Wrong-Way Bus Has Close Call -- Metro, DOT Mixup Sends Rig Up Wrong Ramp

The glitter on Metro's new bus tunnel was dulled a bit over the weekend when a bus emerged from the Convention Center Station tunnel and went the wrong way on a busy Interstate 5 ramp.

The result of the snafu, according to one passenger, was a narrowly avoided head-on collision and a time-consuming effort to back the bus down the ramp.

None of the bus passengers or anyone else was injured.

Passenger Lorraine Clark, said however, that the front of the bus went several feet into one of the express lanes before the driver was able to stop it.

``His nose was out there, six or eight feet into it. The cars were swerving to go around. They were giving us the horn, like, `Why don't you back up?' . . . There could have

been a horrible crash.''

Metro officials contended today that the bus never was in danger because it never entered the express lanes, said spokeswoman Alice Collingwood.

``The driver was able to stop before he got into any actual traffic,'' added Charlie Weeks, of Metro's communications division.

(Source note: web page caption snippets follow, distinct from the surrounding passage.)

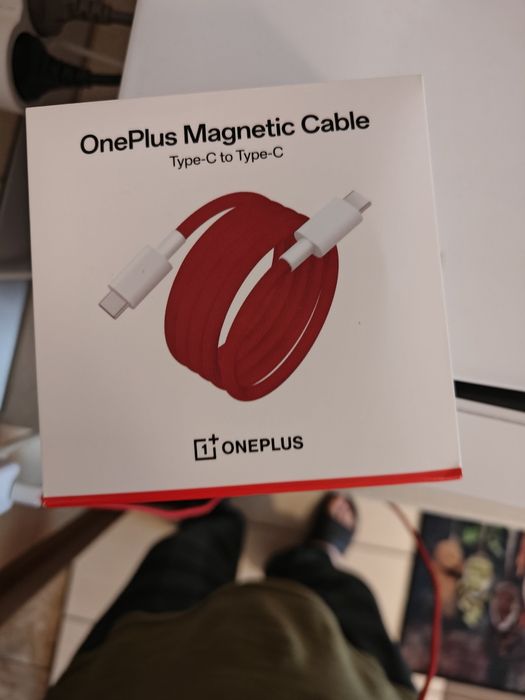 Cablu date/încărcare Oneplus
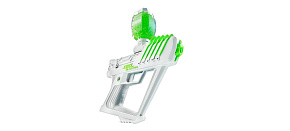 Gel Blaster Surge - blaster na gelové kuličky - Poškozený obal (Komplet) Gel Blaster Surge - blaster na gelové kuličky - Poškozený obal (Komplet)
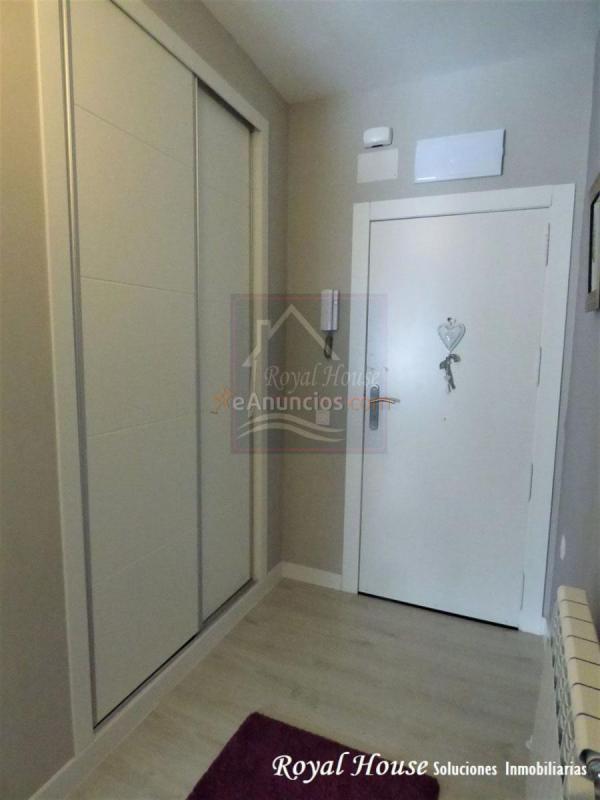 Apartamento en venta en  PINTOR MURILLO, Carlos Ruiz, Collado Villalba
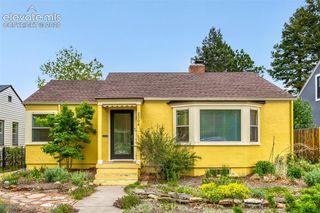 2306 N Cascade Avenue, Colorado Springs, CO 80907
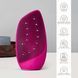 Очищувальна щітка для обличчя GESKE Sonic Thermo Facial Brush&Face-Lifter 8в1 magenta HB0087 фото 3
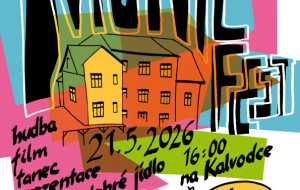 Montefest na Kalvodce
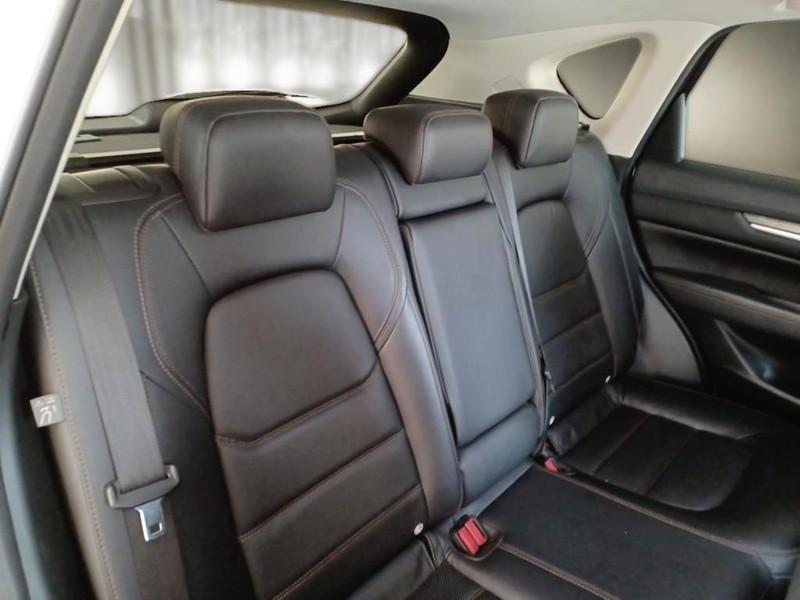 MAZDA CX-5 DIESEL 2.2L 150 CV 2WD EXCLUSIVE SUV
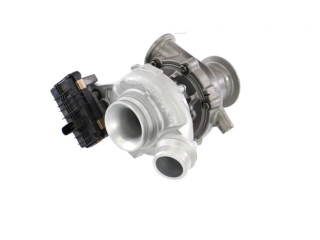 Турбина BMW M4 F82 F83 11658570083, 11658570083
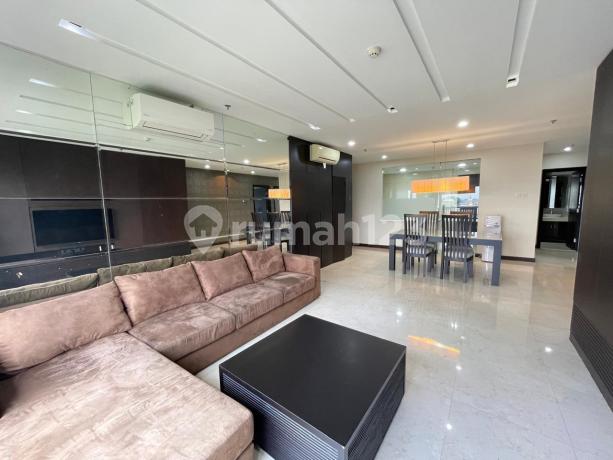 Dijual Dibawah Harga Pasaran Apartemen Somerset Berlian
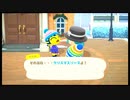 あつ森でテストしつつ島を周ってみた_18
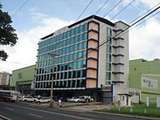 EDIFICIO DE OFICINAS EN VENTA (RETORNO 9-10% DE GANANCIA)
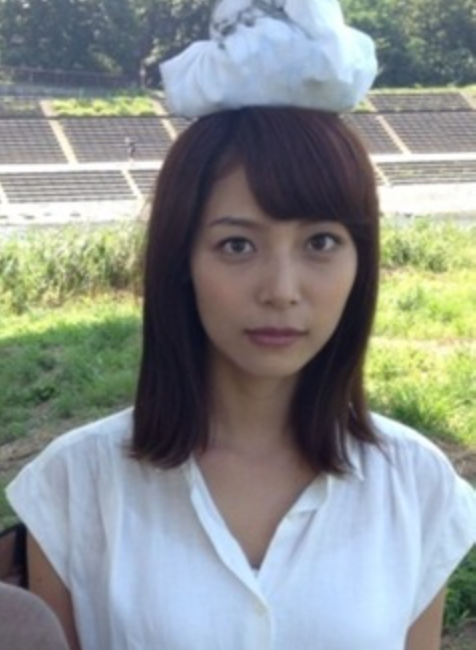 健康的美人の有名人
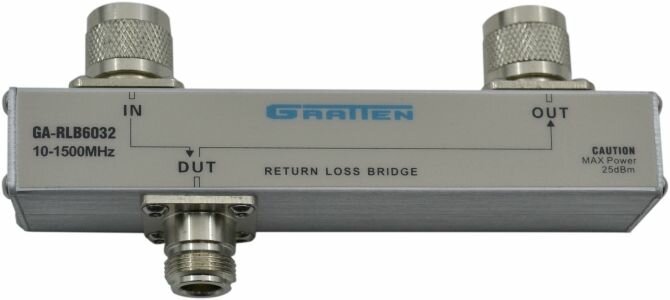 Рефлектометр Gratten GA-RLB6032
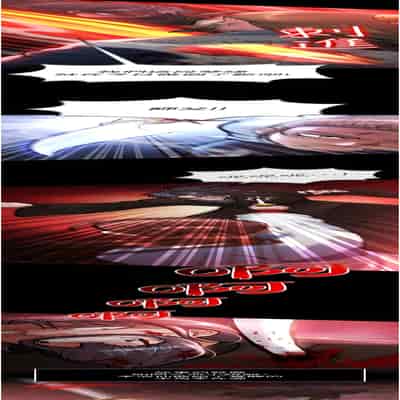 色鵰英雄傳:一捅天下 1-7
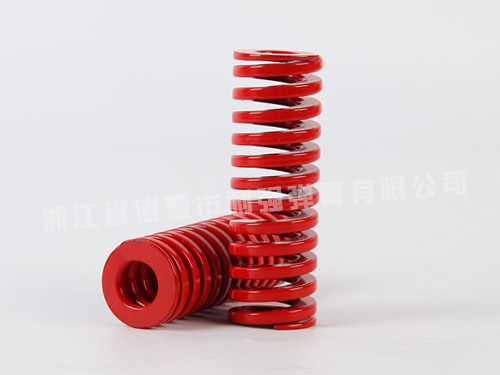 河南TM中负荷模具弹簧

After realizing the express-lane traffic was southbound, the bus driver radioed for assistance.

Two other Metro employees arrived to help him back the bus down the ramp to the Convention Center station, where it took another route to its destination in the University District.

The incident occurred around 5 p.m. Saturday during the University of Washington-University of Southern California football game.

Normally on Saturday, the I-5 express lanes are opened for northbound traffic. In recent years, DOT has reversed the traffic from northbound to southbound to accommodate fans leaving the game.

Shortly after 5 p.m. Saturday, a DOT dispatcher radioed Metro that the lanes had been reversed. Shortly after that, a bus left the Metro station near the Convention Center.

When a bus leaves the station at Pine Street and 9th Avenue in downtown Seattle, the driver has two options: go east onto a ramp that takes the bus onto the express lanes heading north or, angle left onto another ramp to get on Olive Way on its way to Eastlake Avenue, according to Weeks.

When the express lanes are reversed to carry southbound traffic, Metro officials are to notify supervisors at the International District Station and at the Convention Center Station of the change.

The supervisors then are supposed to alert bus drivers of the switch. The supervisors also are supposed to make sure orange highway cones are placed at the entrance to the express lanes ramp to keep buses from entering.

According to Weeks, DOT called the wrong office to notify Metro of the reversal. Instead of calling the Metro Tunnel Controller's Office, DOT called the Metro Radio Communication Center.

It's the Tunnel Controller's Office that notifies the tunnel supervisors of the express-lanes change.

He acknowledged, however, that Metro's communication center and the controller's office are in the same building at Second Avenue and Marion Street and adjacent to each other, separated only by a wall with a window.

Metro acknowledged that Metro employees failed to put out the orange cones to alert the bus driver that he was headed into southbound traffic.